What you need to do: Could you retype every line below exactly, omitting the images?

Dataset excerpt:
☆ ☆ ☆ ☆ ☆

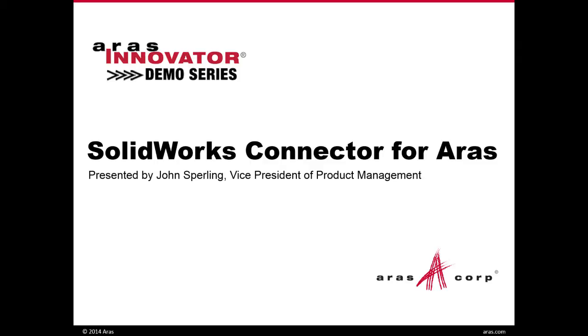All right, welcome everybody to this month's AERIS Innovator Demo Series. My name is Stephen Newman. I'm the Manager of Marketing Programs here at AERIS.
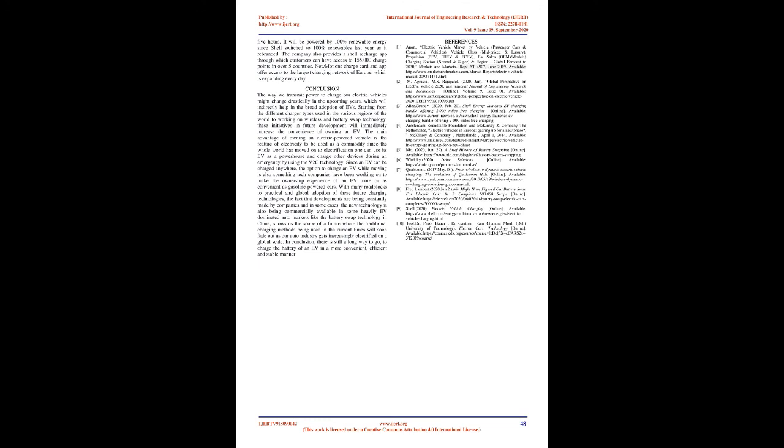4. Smart charging: With our lives increasingly being heavily dependent on electricity including electric vehicles, to use it effectively and efficiently will be very crucial in the future. Smart charging is a series of intelligent functionalities to control the EV charging power in order to create a flexible, sustainable, low cost, and efficient charging environment. Innovative technologies can help us manage how we use energy more efficiently and balance the demand on the grid. Analyzing the daily peaks and troughs in the energy demand, future electric charging solutions are being developed to optimize the use and provide stored energy back to the grid. Vehicle-to-grid charging and smart charging, also known as V2G, are such two technologies that can play a vital role in this act of balancing. Shell, a global group of energy and petrochemicals, has launched a smart EV charging service including tariff and charger. Shell-owned Numotion will be offering a charger capable of providing 7 kilowatts of power, charging a typical EV in 5 hours. It will be powered by 100% renewable energy since Shell switched to 100% renewables last year as it rebranded. The company also provides a Shell recharge app through which customers can have access to 155,000 charge points in over 5 countries. Numotion's charge card and app offer access to the largest charging network of Europe, which is expanding every day.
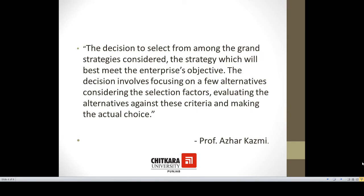According to Professor Azhar Kazan, strategic choice is the decision to select from among the grand strategies considered. There are four grand strategies: stability strategies, expansion strategies, retrenchment strategies, and combination strategies. The strategy chosen will best meet the enterprise objectives. The decision involves focusing on a few alternatives, considering the selection factors, evaluating the alternatives against these criteria, and making the actual choice.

☆ ☆ ☆ ☆ ☆

Exercise response:
All right, welcome everybody to this month's AERIS Innovator Demo Series. My name is Stephen Newman. I'm the Manager of Marketing Programs here at AERIS.
4. Smart charging: With our lives increasingly being heavily dependent on electricity including electric vehicles, to use it effectively and efficiently will be very crucial in the future. Smart charging is a series of intelligent functionalities to control the EV charging power in order to create a flexible, sustainable, low cost, and efficient charging environment. Innovative technologies can help us manage how we use energy more efficiently and balance the demand on the grid. Analyzing the daily peaks and troughs in the energy demand, future electric charging solutions are being developed to optimize the use and provide stored energy back to the grid. Vehicle-to-grid charging and smart charging, also known as V2G, are such two technologies that can play a vital role in this act of balancing. Shell, a global group of energy and petrochemicals, has launched a smart EV charging service including tariff and charger. Shell-owned Numotion will be offering a charger capable of providing 7 kilowatts of power, charging a typical EV in 5 hours. It will be powered by 100% renewable energy since Shell switched to 100% renewables last year as it rebranded. The company also provides a Shell recharge app through which customers can have access to 155,000 charge points in over 5 countries. Numotion's charge card and app offer access to the largest charging network of Europe, which is expanding every day.
According to Professor Azhar Kazan, strategic choice is the decision to select from among the grand strategies considered. There are four grand strategies: stability strategies, expansion strategies, retrenchment strategies, and combination strategies. The strategy chosen will best meet the enterprise objectives. The decision involves focusing on a few alternatives, considering the selection factors, evaluating the alternatives against these criteria, and making the actual choice.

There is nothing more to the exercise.